Quinto: nel 2019, quando ci sarà da rinnovare il Parlamento Europeo, gli inglesi voteranno ancora non essendo formalmente usciti?
Con questo approccio ambiguo gli inglesi scelgono di trattare con Michel Barnier piuttosto che governare l’Unione con Merkel. Non è lungimirante, anche perché sempre con Angela alla fine dovranno fare i conti in posizione di debolezza. La Gran Bretagna di oggi non ha la forza per fare a meno dell’Unione, mentre l’Europa necessita della Germania e viceversa. Con l’uscita al rallentatore scelta da May, si lascia lo scettro del comando a Berlino senza colpo ferire, confidando nell’alleanza con l’imprevedibile America di Donald Trump. A poco se non a nulla servono le parole concilianti, il riaffermare che servirà creatività e coraggio per una nuova partnership con l’Ue, in stile canadese. ‘’Gli occhi del mondo sono su di noi, ma se possiamo usare immaginazione e creatività per scegliere le modalità con cui impostare la nuova relazione, ritengo che possiamo essere ottimisti per il futuro che possiamo costruire per il Regno Unito e l’Unione Europea’’, ha detto l’inquilina di Downing Street e sembrava di sentire John Lennon quando cantava senza inutili ripetizioni ‘’Immagina che non esistano frontiere, non è difficile da fare, nessuno per cui uccidere o morire e nessuna religione’’.

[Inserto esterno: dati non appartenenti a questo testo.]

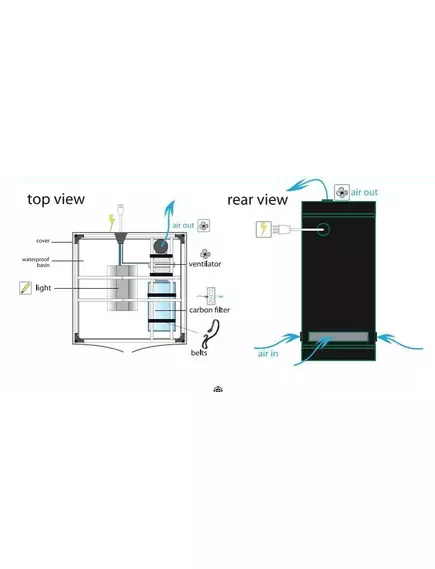 Гроубокс HOMELAB 80 80X80X180 см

Ma i versi della più celebre canzone del pianeta sono rimasti scolpiti nella storia. Le aspirazioni universali della premier britannica sono tutte da definire e per ora restano solo belle parole racchiuse in una innocente illusione: fare a meno della gabbia europea che per molti sta diventando un riparo. Abbandonare il molo di Dunkirk senza avere nemici alle spalle.